Facing questions Tuesday from the Joint Committee on Finance, state Department of Administration Secretary Mike Huebsch said Wisconsin’s recycling mandate is no longer necessary.
Gov. Scott Walker’s proposed budget would eliminate the mandate, allowing municipalities to decide whether or not to continue their recycling programs or scrap them to save money.
The proposal has drawn unified criticism from leaders of both the Democratic and Republican parties. Rep. John Nygren, R-Marinette, said during budget briefings that the proposal has stumped many lawmakers.
“There’s a great deal of support for recycling in our state,” Nygren said. “I think a lot of us are having a hard time understanding the governor’s thought process in repealing that mandate.”
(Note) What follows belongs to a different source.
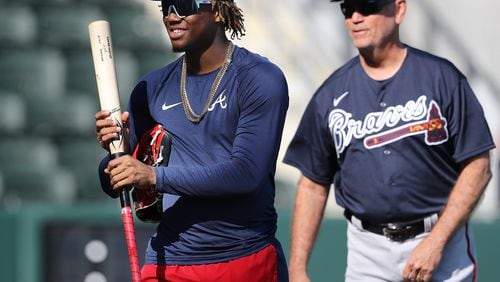 Braves manager Brian Snitker looks on while Ronald Acuna Jr. takes batting practice in CoolToday Park at spring training on Saturday, Feb. 15, 2020, in North Port.  Curtis Compton ccompton@ajc.com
Elimination of the 20-year-old recycling mandate, though, would not curtail recycling in Wisconsin, Huebsch said.
“A number of us recycle in ways we never did when we were children,” Huebsch said. “Our children have never known not recycling, so I think there was a transition that was made in our society and a new way of thinking that we need to be better stewards of the resources that were available to us.”
The expansion of recycling, Huebsch added, makes it unnecessary for the state to require community participation.
“Removing the mandate will by no means remove the desire or the practice of recycling in any of our communities, or any of our homes,” Huebsch said. “But what it does do is reflect the finite dollars we have available to us and provide them to the community so they can use them as they wish.”